Back to the original issue raised by the reader as to how best to offer FCPA books and records, and internal controls compliance training. Again, because the books and records and internal control provisions are so generic, I think the “best practice” is to couple such training with anti-bribery training and to make sure that internal audit and finance personnel have the FCPA tools necessary to properly execute their jobs.

Internal audit and finance personnel clearly have an FCPA compliance role to play, and the SEC is clearly expecting them to play that role. However, internal audit and finance personnel can only raise FCPA issues if they first know what FCPA issues to look for. Providing internal audit and finance personnel with a good pair of “FCPA goggles” is a good way to achieve books and records, and internal controls compliance.
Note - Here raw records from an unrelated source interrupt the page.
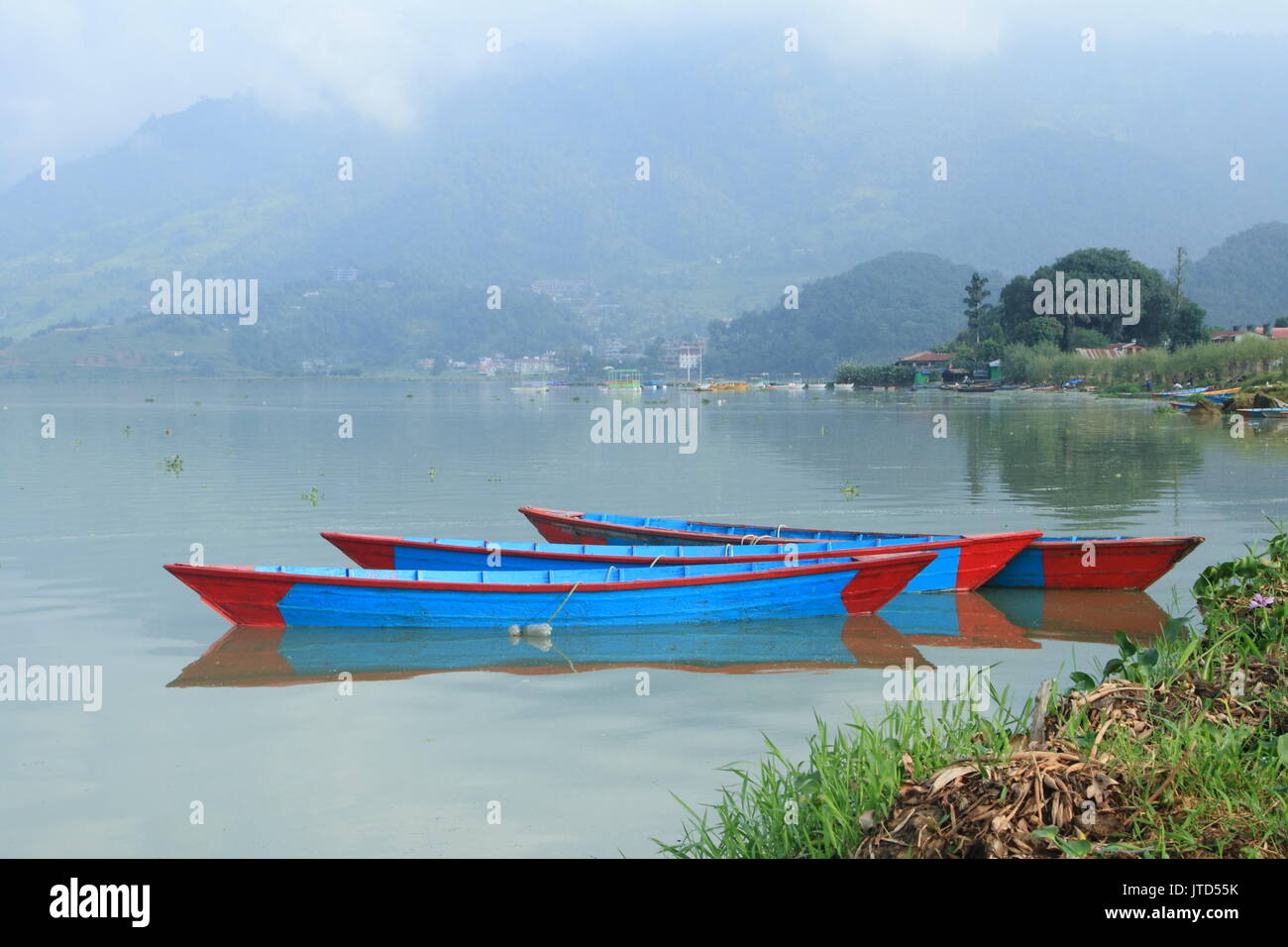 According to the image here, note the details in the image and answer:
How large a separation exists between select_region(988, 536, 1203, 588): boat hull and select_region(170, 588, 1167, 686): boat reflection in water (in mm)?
803

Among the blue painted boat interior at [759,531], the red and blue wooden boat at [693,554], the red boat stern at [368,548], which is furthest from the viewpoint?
the red boat stern at [368,548]

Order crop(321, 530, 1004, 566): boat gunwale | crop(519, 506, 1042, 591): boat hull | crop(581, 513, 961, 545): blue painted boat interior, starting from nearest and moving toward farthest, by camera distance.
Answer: crop(321, 530, 1004, 566): boat gunwale → crop(519, 506, 1042, 591): boat hull → crop(581, 513, 961, 545): blue painted boat interior

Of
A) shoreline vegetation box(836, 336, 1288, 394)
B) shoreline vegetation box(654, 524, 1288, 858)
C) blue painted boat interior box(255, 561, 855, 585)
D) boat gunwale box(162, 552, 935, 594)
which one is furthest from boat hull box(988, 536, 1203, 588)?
shoreline vegetation box(836, 336, 1288, 394)

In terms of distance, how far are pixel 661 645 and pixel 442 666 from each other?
2.62m

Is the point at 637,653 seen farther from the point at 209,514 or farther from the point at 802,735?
the point at 209,514

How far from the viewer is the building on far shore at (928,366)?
524 ft

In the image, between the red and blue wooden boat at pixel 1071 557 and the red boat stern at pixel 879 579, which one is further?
the red and blue wooden boat at pixel 1071 557

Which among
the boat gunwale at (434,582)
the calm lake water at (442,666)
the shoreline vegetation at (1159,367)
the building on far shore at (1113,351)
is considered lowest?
the calm lake water at (442,666)

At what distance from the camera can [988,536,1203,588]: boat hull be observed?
1793cm

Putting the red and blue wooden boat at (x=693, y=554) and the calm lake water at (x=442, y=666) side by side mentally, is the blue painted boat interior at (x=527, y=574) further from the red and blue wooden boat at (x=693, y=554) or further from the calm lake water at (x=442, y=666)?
the red and blue wooden boat at (x=693, y=554)

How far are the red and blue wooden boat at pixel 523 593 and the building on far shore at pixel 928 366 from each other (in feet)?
473

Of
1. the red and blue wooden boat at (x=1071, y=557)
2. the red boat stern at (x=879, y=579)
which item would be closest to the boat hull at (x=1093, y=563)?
the red and blue wooden boat at (x=1071, y=557)

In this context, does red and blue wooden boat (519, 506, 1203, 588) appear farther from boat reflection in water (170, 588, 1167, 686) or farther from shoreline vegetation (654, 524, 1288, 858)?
shoreline vegetation (654, 524, 1288, 858)

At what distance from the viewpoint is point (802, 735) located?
11578 millimetres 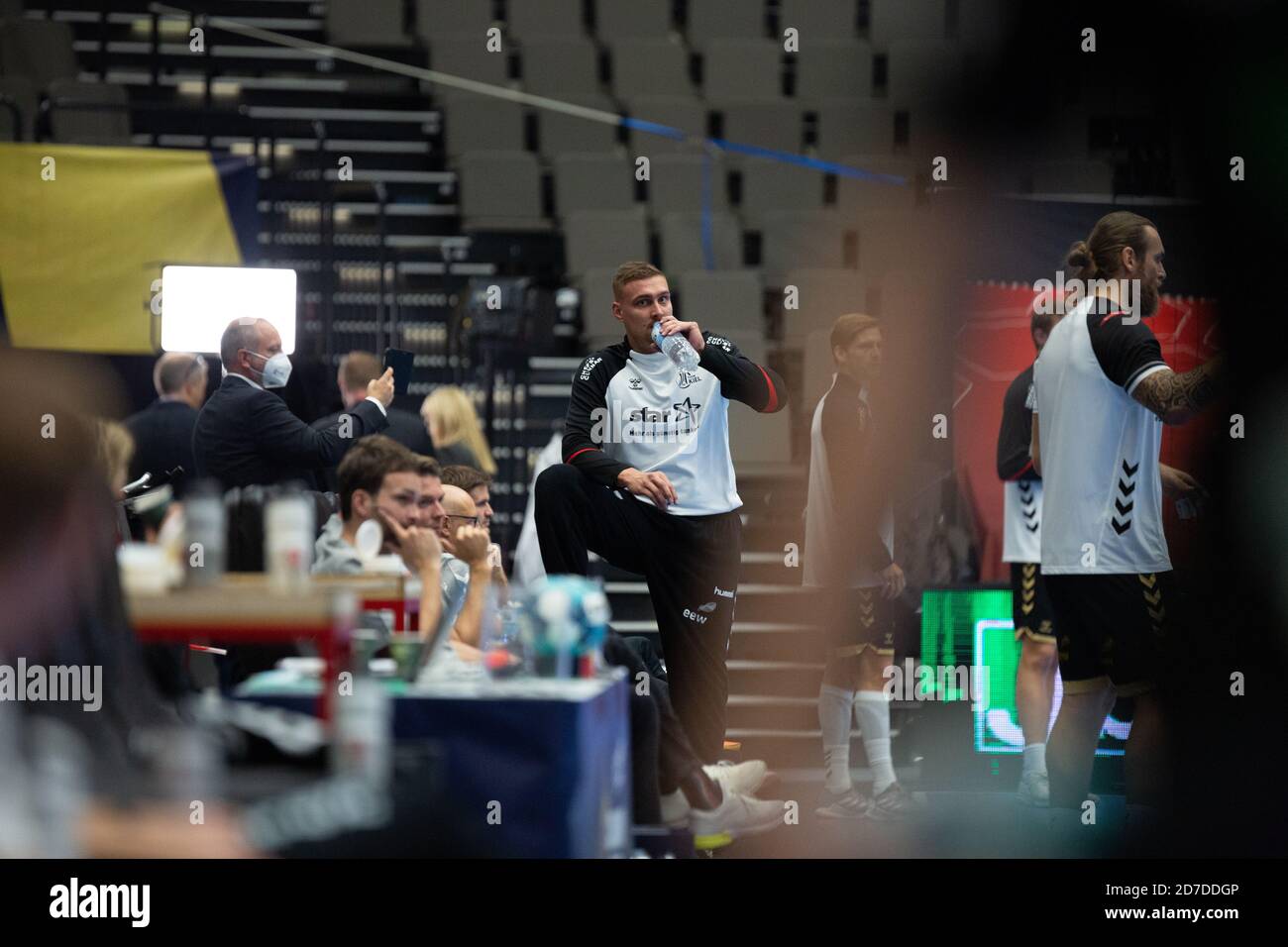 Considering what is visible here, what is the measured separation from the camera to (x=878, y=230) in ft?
25.8

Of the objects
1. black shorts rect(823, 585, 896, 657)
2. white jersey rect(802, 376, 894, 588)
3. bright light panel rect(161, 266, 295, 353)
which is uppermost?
bright light panel rect(161, 266, 295, 353)

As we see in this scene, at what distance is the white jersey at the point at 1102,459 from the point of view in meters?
3.99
The Enforcement Officials Speak

Over at the wrageblog (see here), Alexandra Wrage, President of Trace International Inc., a leading non-profit membership association focused on anti-bribery compliance, has a good summary post of comments made by Mark Mendelsohn (DOJ’s top FCPA prosecutor) and others at a recent FCPA conference.

Given that the enforcement agencies’ untested and unchallenged interpretation of the “foreign official” element is one of my favorite FCPA issues, I was happy to see that Mendelsohn, in response to a question, apparently acknowledged that there can be difficult assessments of who qualifies as a “foreign official” under the FCPA.

Looks like FCPA trials are over for the year, but I’m guessing that there will be forthcoming appeals from the three FCPA verdicts reached this summer.